*Instructions for the task*. Omit all pictures. Quote only the lines from the one with "Are car ramps safe to work?" through the end of the material below.
>>
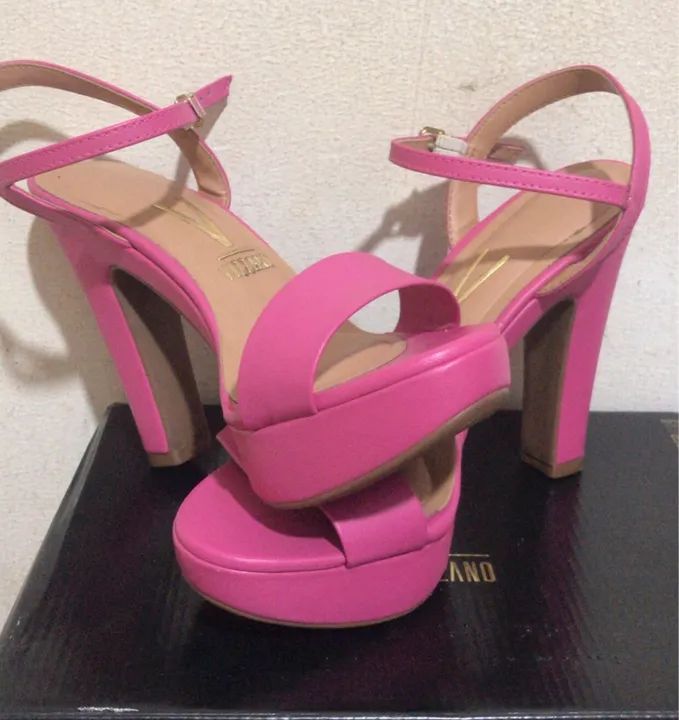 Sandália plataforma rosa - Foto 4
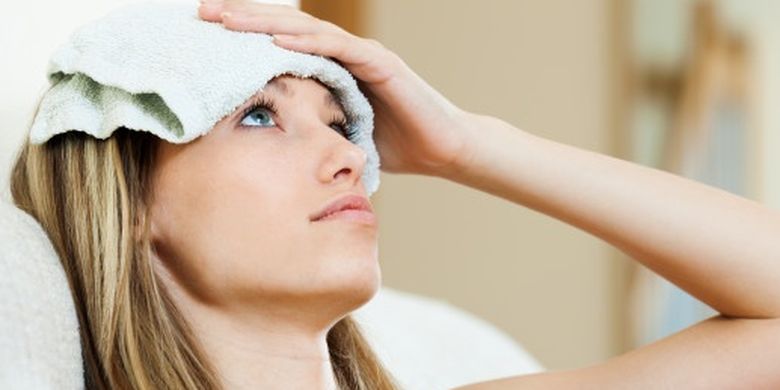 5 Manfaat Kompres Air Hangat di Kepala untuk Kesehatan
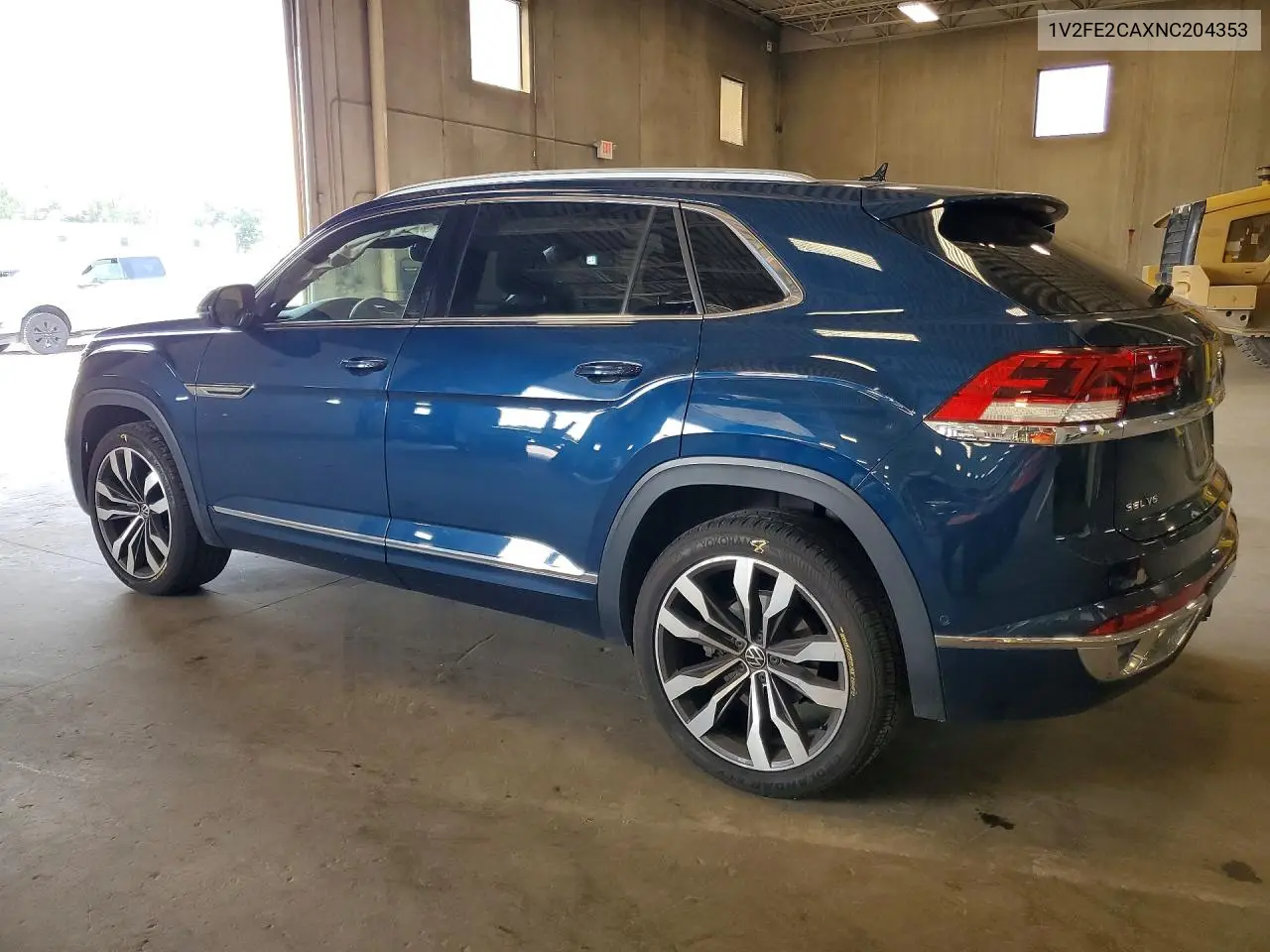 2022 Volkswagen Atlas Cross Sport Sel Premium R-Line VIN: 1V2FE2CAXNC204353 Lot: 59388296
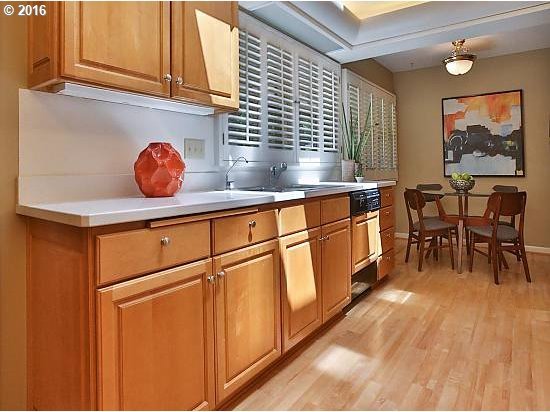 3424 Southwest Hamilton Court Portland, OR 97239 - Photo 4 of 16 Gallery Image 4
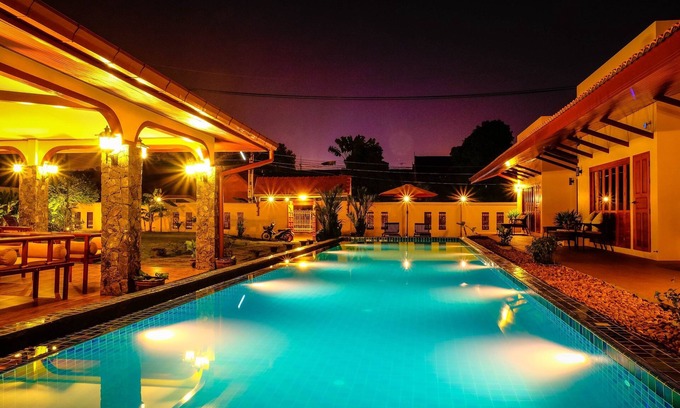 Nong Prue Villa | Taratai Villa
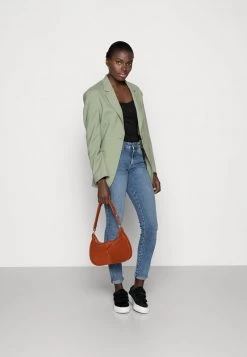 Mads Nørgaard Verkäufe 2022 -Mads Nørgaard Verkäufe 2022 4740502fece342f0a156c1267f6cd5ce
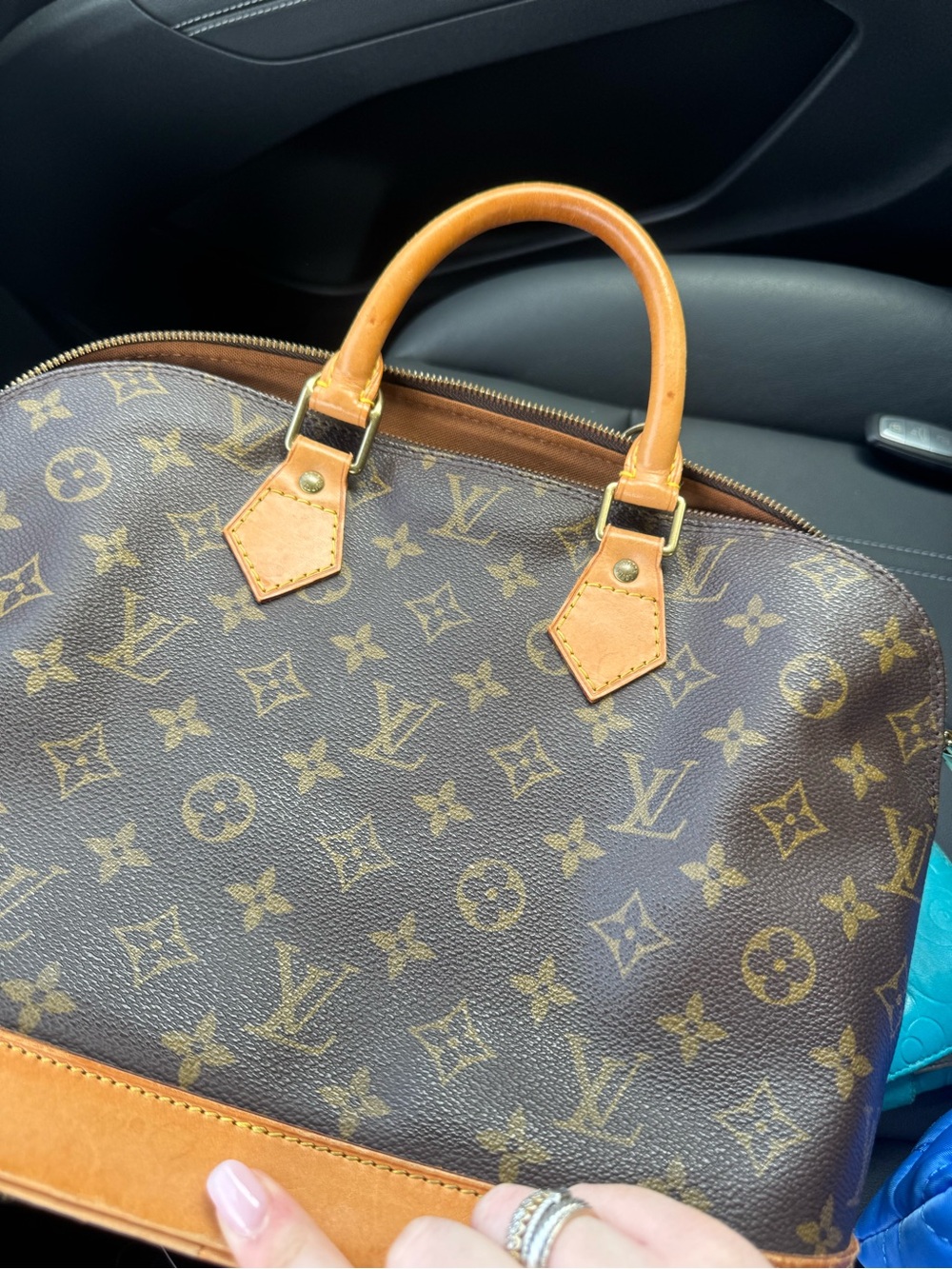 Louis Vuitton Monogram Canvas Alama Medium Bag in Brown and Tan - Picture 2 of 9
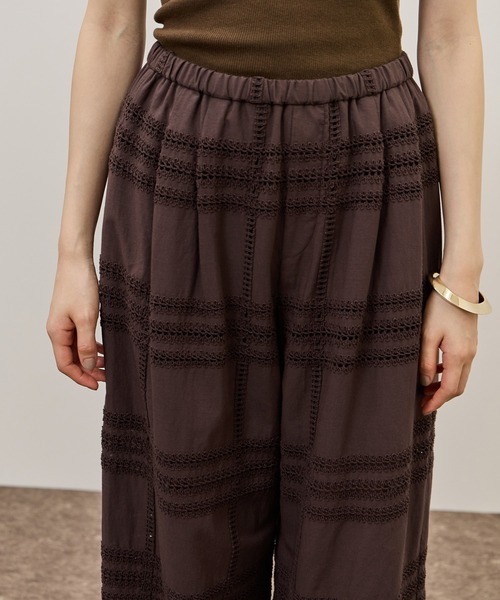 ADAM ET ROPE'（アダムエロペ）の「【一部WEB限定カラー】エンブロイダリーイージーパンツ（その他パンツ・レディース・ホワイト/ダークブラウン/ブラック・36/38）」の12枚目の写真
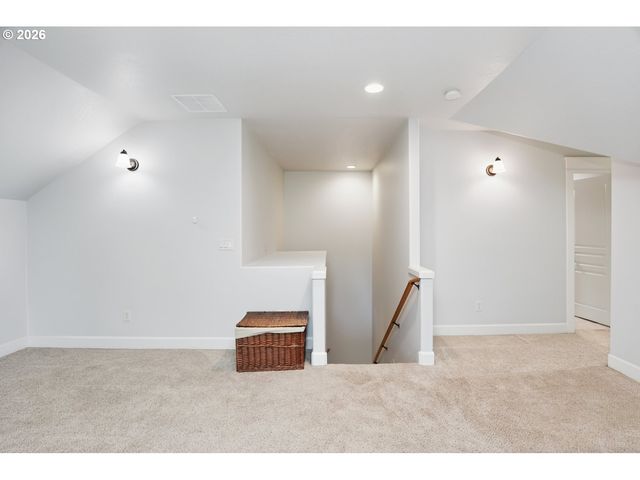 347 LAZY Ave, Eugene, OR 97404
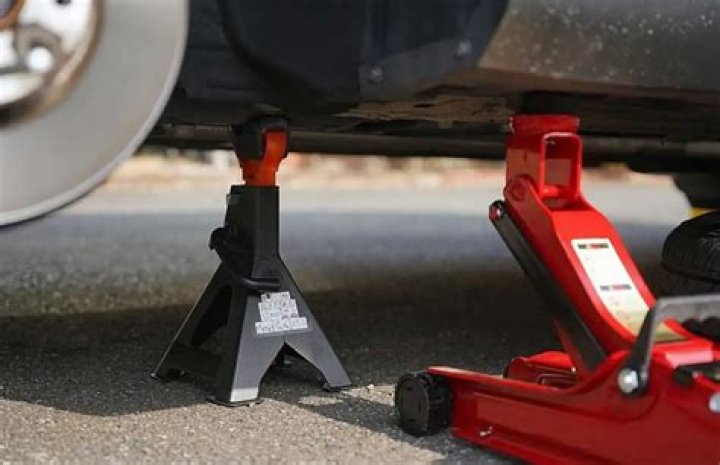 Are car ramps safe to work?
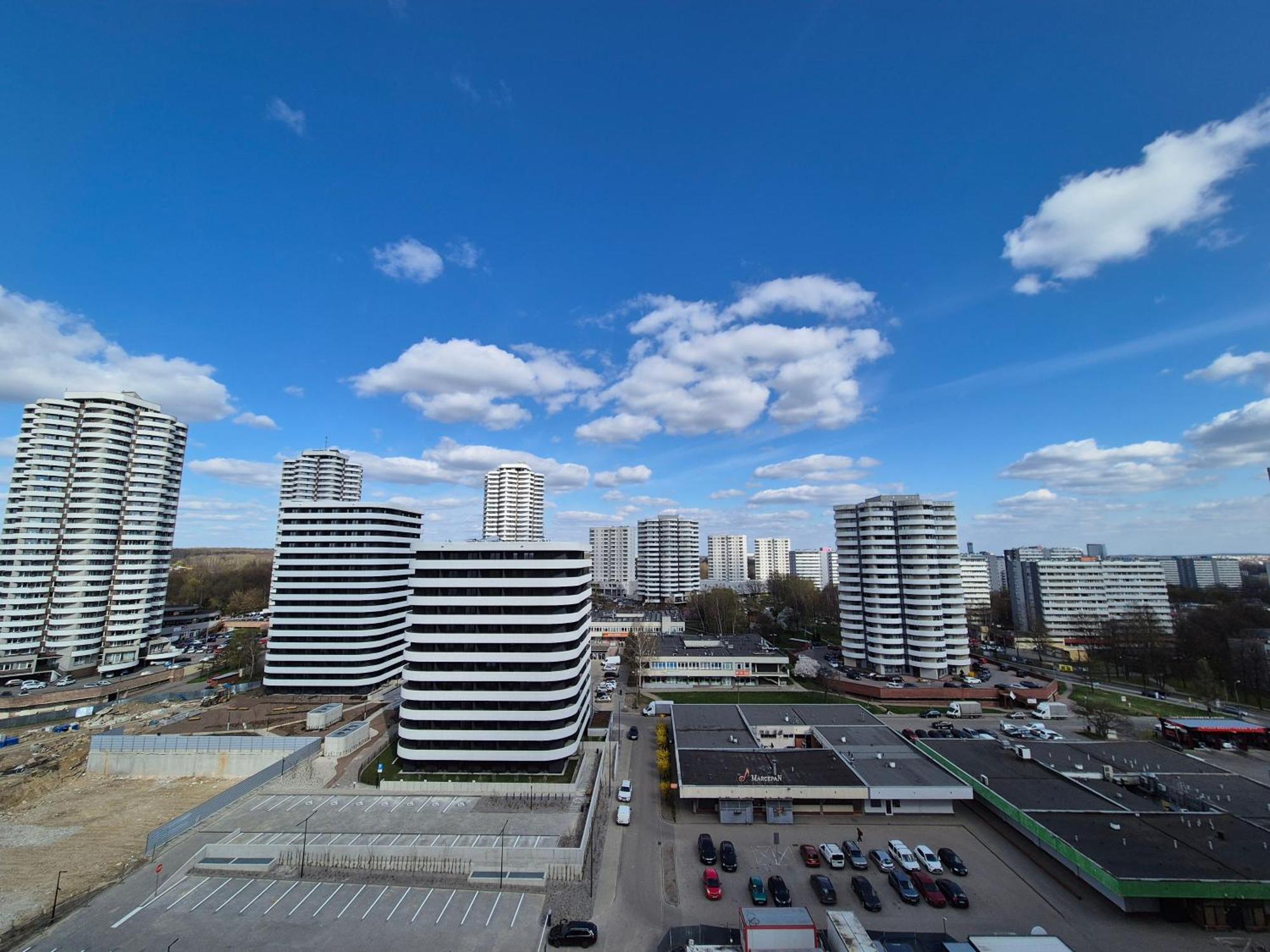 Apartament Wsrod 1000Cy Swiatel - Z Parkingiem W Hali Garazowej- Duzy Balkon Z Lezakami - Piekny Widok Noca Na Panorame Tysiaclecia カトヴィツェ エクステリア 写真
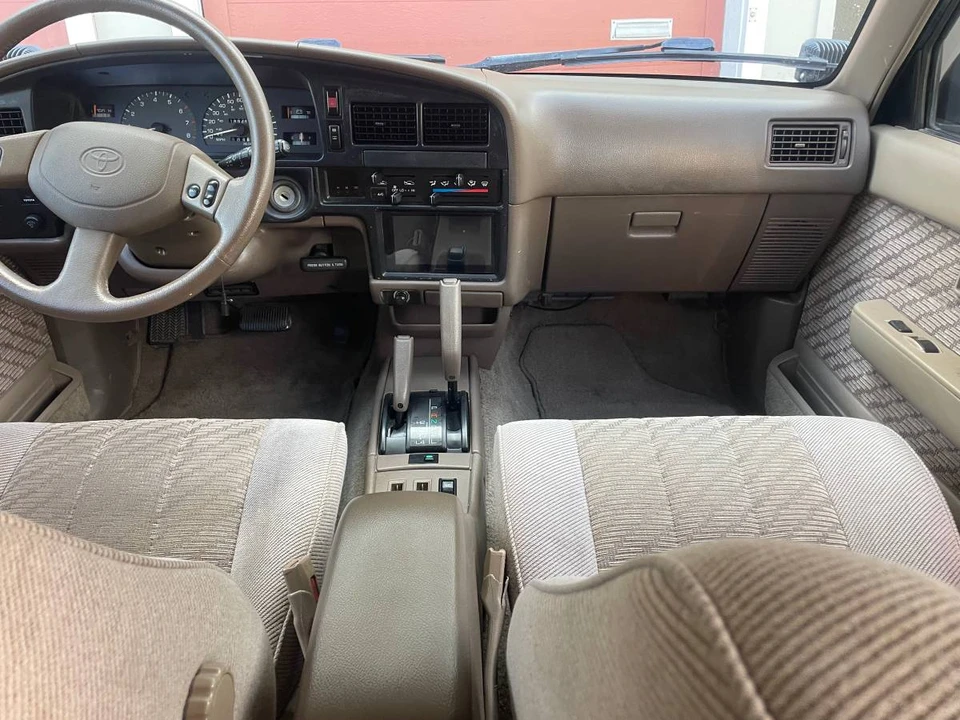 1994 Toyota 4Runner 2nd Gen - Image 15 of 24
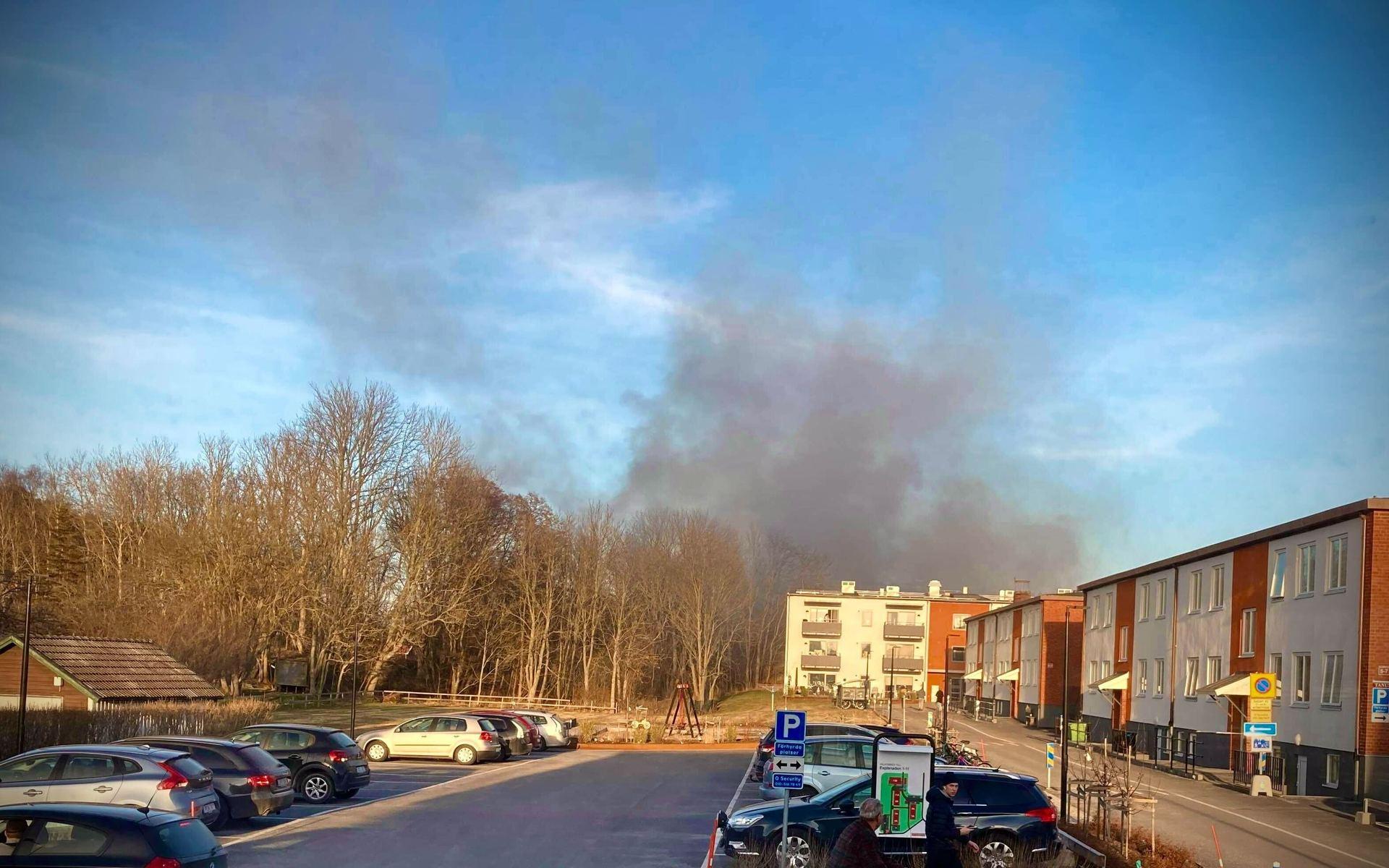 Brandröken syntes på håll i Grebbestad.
<<
*Written solution*.
 Are car ramps safe to work?
 Apartament Wsrod 1000Cy Swiatel - Z Parkingiem W Hali Garazowej- Duzy Balkon Z Lezakami - Piekny Widok Noca Na Panorame Tysiaclecia カトヴィツェ エクステリア 写真
 1994 Toyota 4Runner 2nd Gen - Image 15 of 24
 Brandröken syntes på håll i Grebbestad.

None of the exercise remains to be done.